All lines in the records below from the line with "XACML makes the" through the line with "Good morning, guys." are to be given again exactly, both ends included; the pictures are to be left out.

____________________

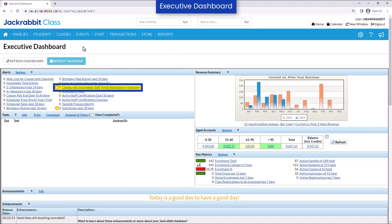If a staff member does not complete attendance, you will be alerted the following day on the executive dashboard of your Jackrabbit database.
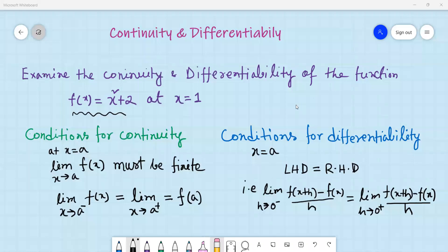Assalamu alaikum. Today's example is about continuity and differentiability. Given the function f(x) = x² + 2, we need to test whether the function is continuous and differentiable at x = 1. We will approach this problem graphically and then test for differentiability directly.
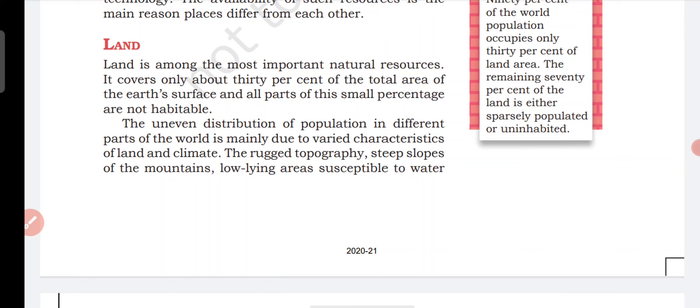The uneven distribution of population in different parts of the world is mainly due to varied characteristics of land and climate. For example, there are a lot of people in India and China, but in Africa there are desert areas where people live less. Our climate and land being favorable is what allows humans and animals to survive in greater numbers.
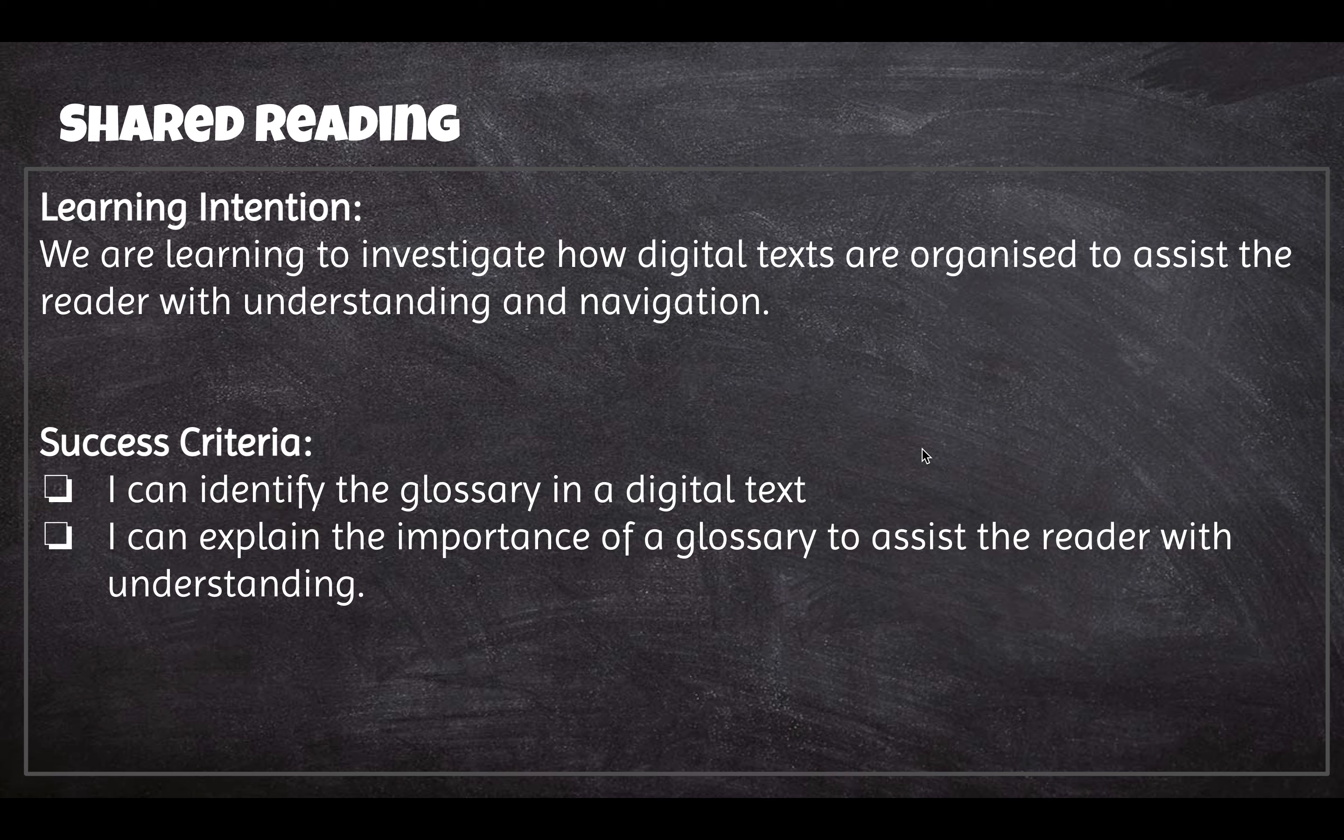Today we're learning to investigate how digital texts are organized to assist the reader with understanding and navigation. So to be successful today we need to be able to identify the glossary within a digital text and explain the importance of a glossary to assist the reader with understanding the text.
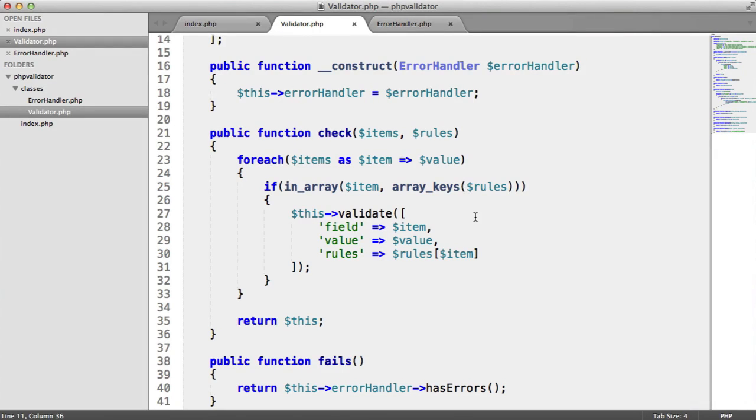We're now going to add a couple of additional rules just so we can make sure that this can be extended. The first thing that we're going to do is create a very simple additional rule, and that is checking if a string is alphanumeric or not.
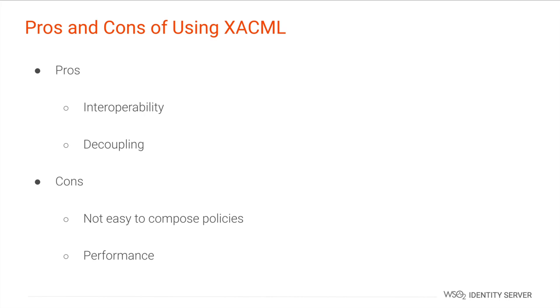XACML makes the solution vendor-neutral. However, writing XACML policies is not an easy task, and as the policies are bulky, there is a performance impact.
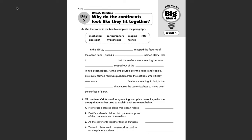Good morning, guys. Here we are, Science Bellwork Week 18, Day 5. Remember, make sure you have your bellwork for this week in order in the same note. I will be collecting bellwork today, so as soon as you finish bellwork for today, make sure you turn in your Science Bellwork Week 18 note.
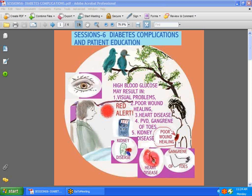Hi guys. Welcome to session six. Hope you've taken the trouble to read about diabetes and its discoveries in insulin. Now we're going to go on to session six, which is going to be about diabetes and its complications and patient education. We're going to learn a little bit more about having high blood sugar and how it affects the rest of the body.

____________________

_SOLUTION TO THE EXERCISE_.
XACML makes the solution vendor-neutral. However, writing XACML policies is not an easy task, and as the policies are bulky, there is a performance impact.
Good morning, guys. Here we are, Science Bellwork Week 18, Day 5. Remember, make sure you have your bellwork for this week in order in the same note. I will be collecting bellwork today, so as soon as you finish bellwork for today, make sure you turn in your Science Bellwork Week 18 note.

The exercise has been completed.